Phase 2 Data for Selonsertib in Nonalcoholic Steatohepatitis (NASH) Presented at The Liver Meeting® 2016
14.11.2016 21:30 | Business Wire
Gilead Sciences (Nasdaq:GILD) today announced detailed results from an open-label Phase 2 trial evaluating the investigational apoptosis signal-regulating kinase 1 (ASK1) inhibitor selonsertib (formerly GS-4997) alone or in combination with the monoclonal antibody simtuzumab (SIM) in patients with nonalcoholic steatohepatitis (NASH) and moderate to severe liver fibrosis (fibrosis stages F2 or F3). The data demonstrate regression in fibrosis that was, in parallel, associated with reductions in other measures of liver injury in patients treated with selonsertib for 24 weeks. These data were presented in a late-breaking abstract session at The Liver Meeting® 2016 in Boston (#LB-3).
Patients receiving selonsertib demonstrated improvements in several measures of liver disease severity, including fibrosis stage, progression to cirrhosis, liver stiffness (measured by magnetic resonance elastography, MRE) and liver fat content (measured by magnetic resonance imaging (MRI)-proton density fat fraction, PDFF). Data for these efficacy endpoints are summarized in the table below. As no differences were observed between combination and monotherapy, results are presented for selonsertib (18 mg and 6 mg) with/without SIM and for SIM alone.
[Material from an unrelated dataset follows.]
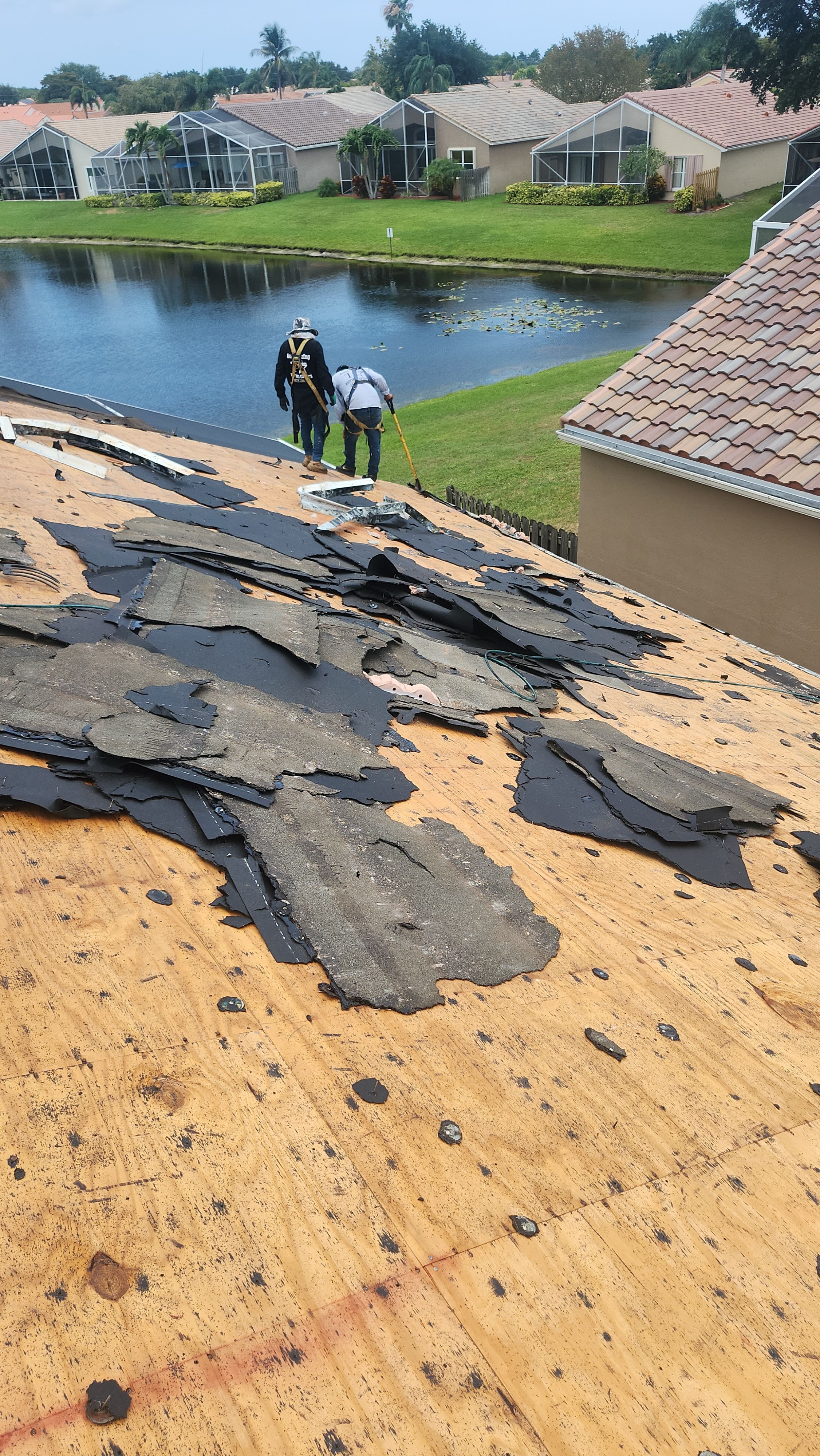 New Barrel Tile Roof Installation and Decking Repair in Boynton Beach by Aastro Roofing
Additionally, patients with fibrosis improvement demonstrated reductions in hepatic collagen content, liver biochemistry (e.g., serum ALT) and the apoptosis marker, cytokeratin-18, supporting the biological activity of selonsertib.
|Endpoint (Week 24)||
18 mg ± SIM
|Fibrosis Improvement ≥1 Stage from Baseline*||43% (n=13/30)||30% (n=8/27)||20% (n=2/10)|
|Progression to Cirrhosis||3% (n=1/30)||7% (n=2/27)||20% (n=2/10)|
|≥15% Reduction in Liver Stiffness by MRE||20% (n=5/25)||32% (n=7/22)||0% (n=0/7)|
|≥30% Reduction in Liver Fat by MRI-PDFF||26% (n=8/31)||13% (n=3/24)||10% (n=1/10)|
*Fibrosis staged according to the NASH Clinical Research Network (CRN) classification by a central pathologist blinded to treatment group.
Selonsertib demonstrated no dose-related increases in treatment-emergent adverse events or serious adverse events. Headache, nausea and sinusitis were the most common adverse events in patients receiving selonsertib.
“Currently, no approved treatments exists for NASH, and patients with advanced fibrosis would potentially benefit from new options to halt and/or reverse the progression of their disease,” said Rohit Loomba, MD, MHSc, lead study author and Director, NAFLD Research Center, Director of Hepatology, Professor of Medicine, Vice Chief, Division of Gastroenterology, University of California San Diego School of Medicine. “After only 24 weeks of therapy, selonsertib exhibited promising anti-fibrotic activity in this study, which was the first known multi-center NASH clinical trial to use centrally-assessed MRE, MRI-PDFF, in addition to liver biopsy as endpoints. Based on these data, selonsertib represents an important investigational drug candidate for further clinical trials in patients with NASH and significant fibrosis.”
Other Gilead NASH data being presented at The Liver Meeting include results from Phase 1 studies evaluating the investigational selective, non-steroidal Farnesoid X receptor (FXR) agonist GS-9674. Data from a Phase 1 study demonstrated the biological activity and safety profile of GS-9674 in healthy volunteers and support the evaluation of this compound in patients with NASH and cholestatic liver disorders (#1077 and #1140). Phase 2 studies with GS-9674 are ongoing in patients with NASH, primary biliary cholangitis (PBC) and primary sclerosing cholangitis (PSC).
Additionally, preclinical data for the combination of selonsertib and GS-9674 in a rodent model of advanced fibrosis suggested that the combination of selonsertib and GS-9674 resulted in greater anti-fibrotic activity than either agent alone (#1588). These preclinical data support clinical evaluation of combination approaches with selonsertib and GS-9674 in patients with NASH and advanced fibrosis.
Selonsertib, GS-9674 and simtuzumab have not been determined to be safe or efficacious.
About Selonsertib and the Study
Selonsertib is an investigational small molecule inhibitor of ASK1, a protein that promotes inflammation, apoptosis (cell death) and fibrosis in settings of oxidative stress. Oxidative stress can be increased in many pathological conditions including liver diseases such as NASH.
This Phase 2, randomized, open-label trial evaluated the safety, tolerability and efficacy of selonsertib alone or in combination with SIM in 72 patients with NASH and fibrosis stages F2 (n=25) or F3 (n=47). Eligible patients were randomized (2:2:1:1:1) to receive selonsertib 6 mg (n=20), selonsertib 18 mg (n=22), selonsertib 6 mg plus SIM 125 mg (n=10), selonsertib 18 mg plus SIM 125 mg (n=10) or SIM 125 mg alone (n=10) for 24 weeks. Selonsertib was administered orally once daily and SIM was administered via weekly subcutaneous injection.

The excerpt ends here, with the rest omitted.